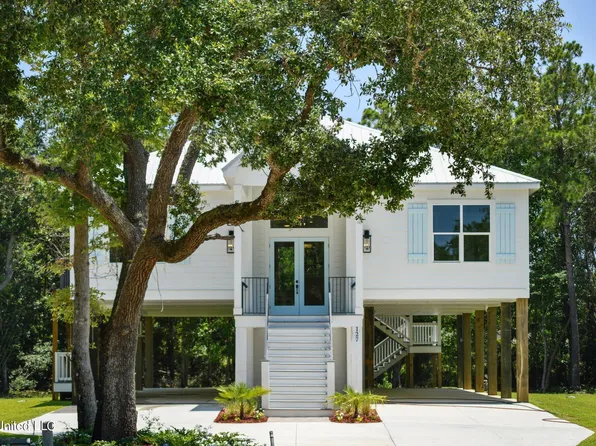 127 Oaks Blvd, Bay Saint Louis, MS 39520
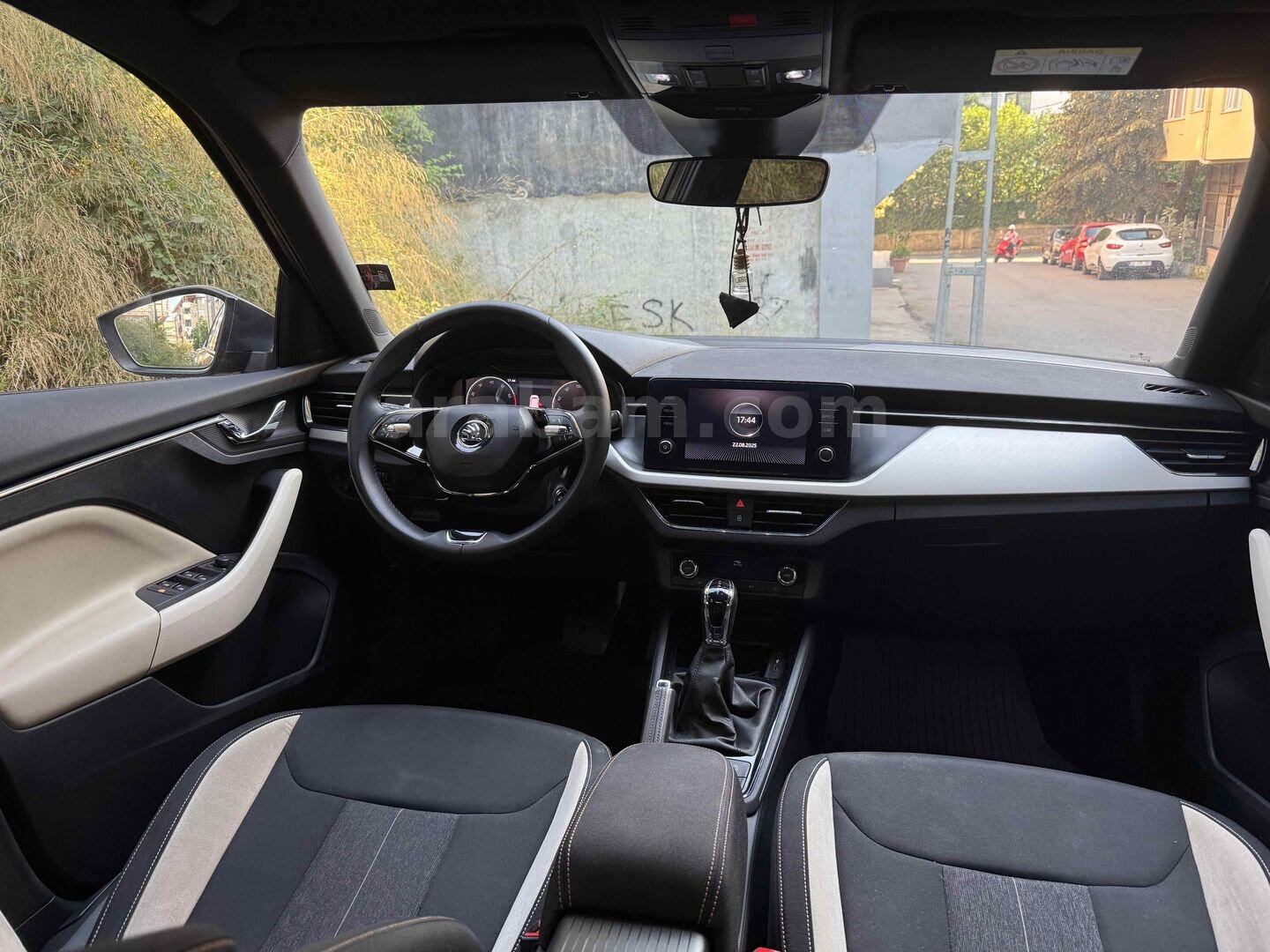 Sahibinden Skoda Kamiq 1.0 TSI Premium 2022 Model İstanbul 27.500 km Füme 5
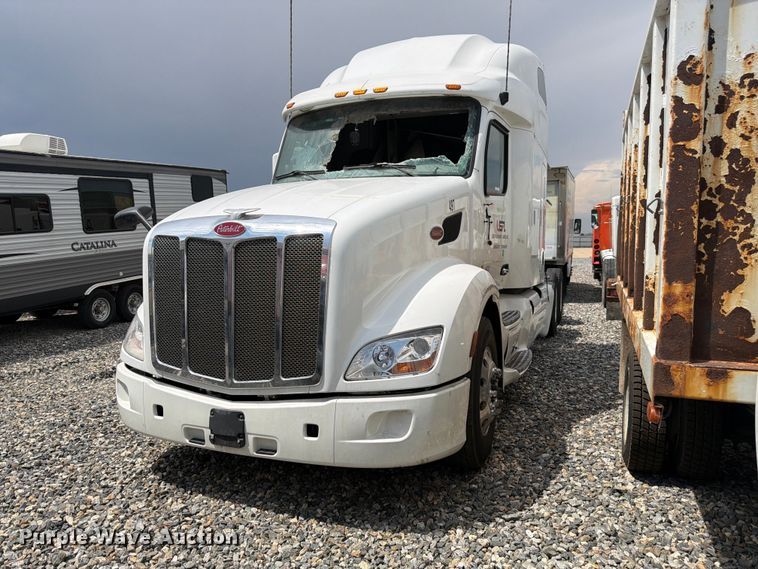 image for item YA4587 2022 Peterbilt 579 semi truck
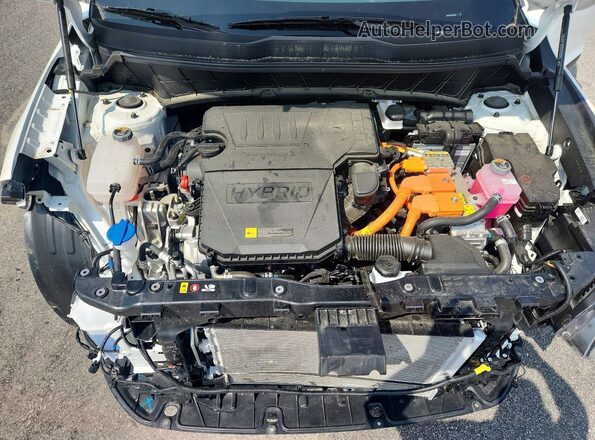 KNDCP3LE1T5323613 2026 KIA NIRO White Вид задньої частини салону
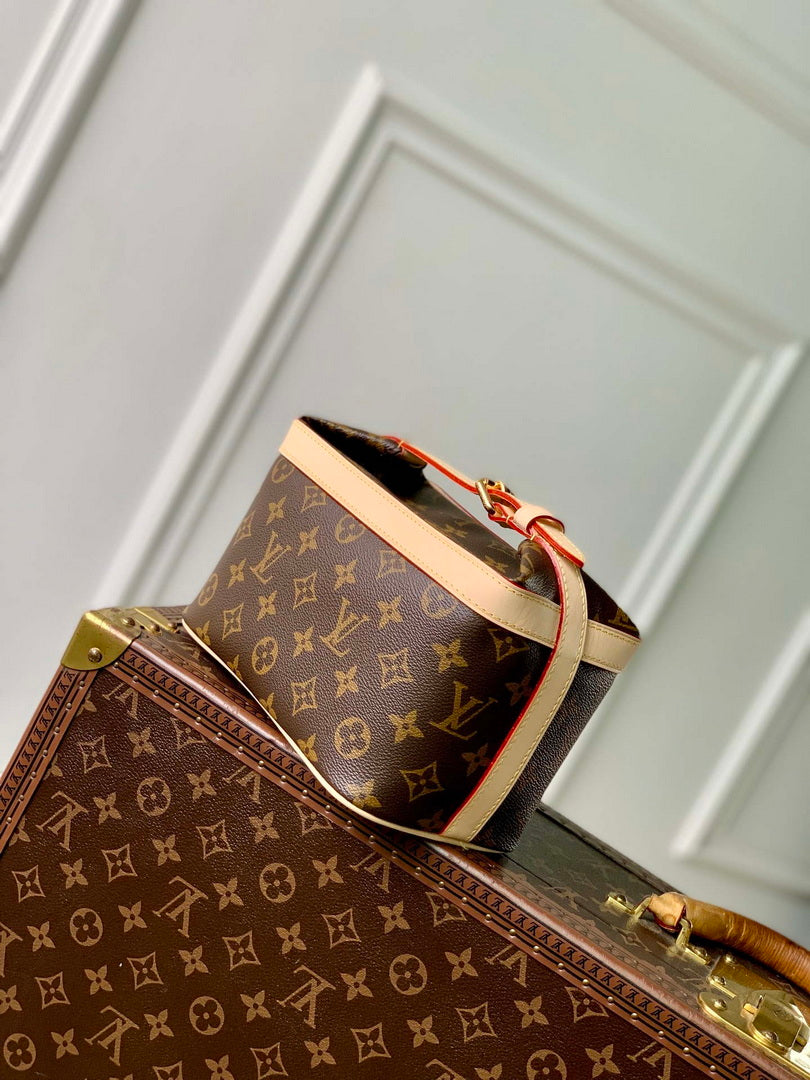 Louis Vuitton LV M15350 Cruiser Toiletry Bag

+++

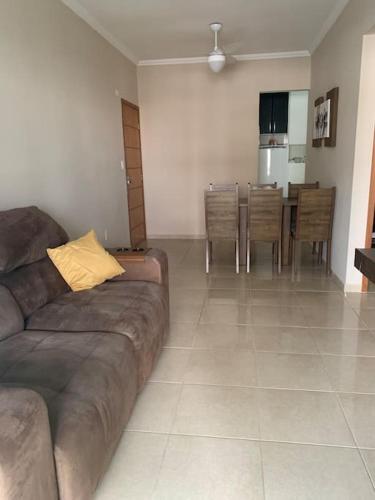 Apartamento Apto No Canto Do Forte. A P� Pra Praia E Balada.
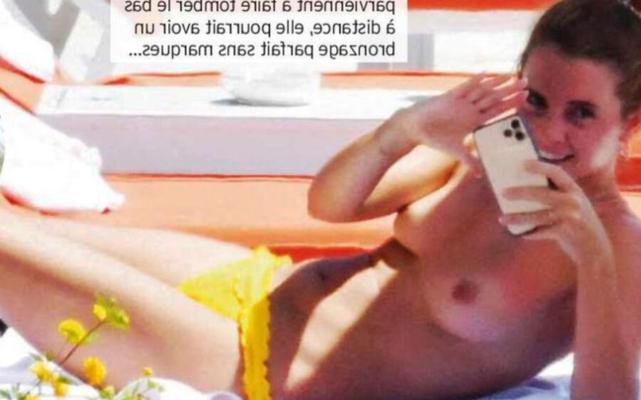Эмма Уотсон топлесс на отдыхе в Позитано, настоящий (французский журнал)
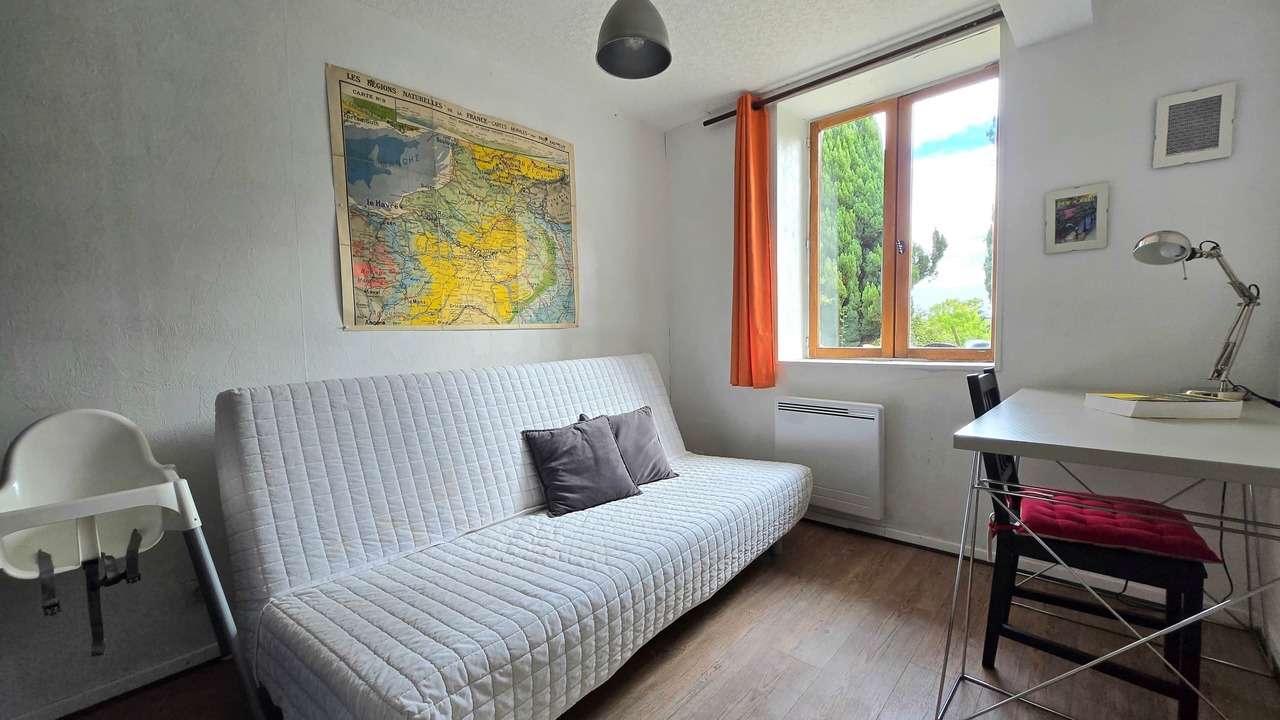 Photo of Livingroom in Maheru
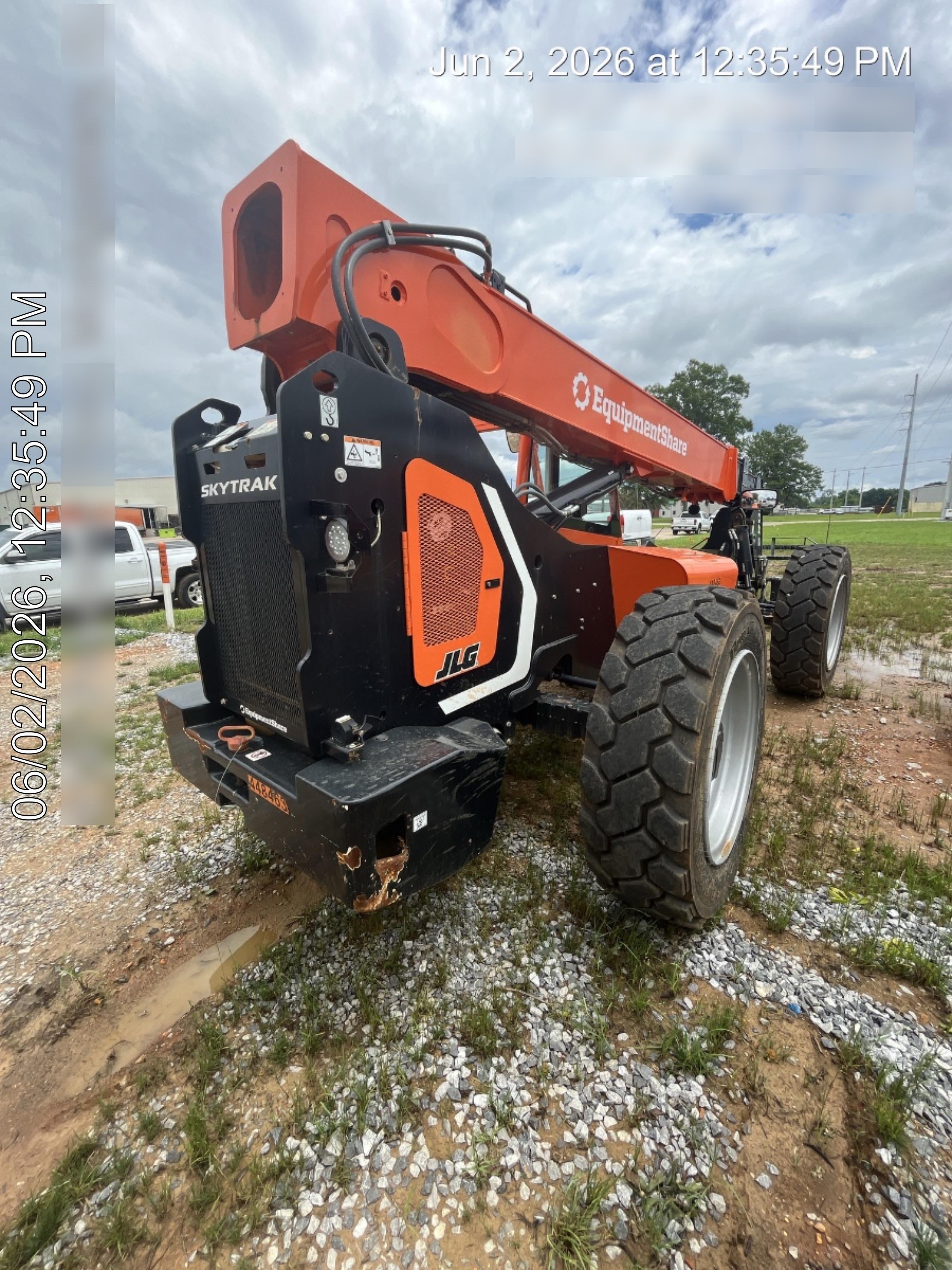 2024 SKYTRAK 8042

+++

| Problem details |
In the records above, find the line with "Эмма Уотсон топлесс" and the line with "2024 SKYTRAK 8042"; please transcribe exactly those two lines and all lines between them, omitting any picture.

| Your response |
Эмма Уотсон топлесс на отдыхе в Позитано, настоящий (французский журнал)
 Photo of Livingroom in Maheru
 2024 SKYTRAK 8042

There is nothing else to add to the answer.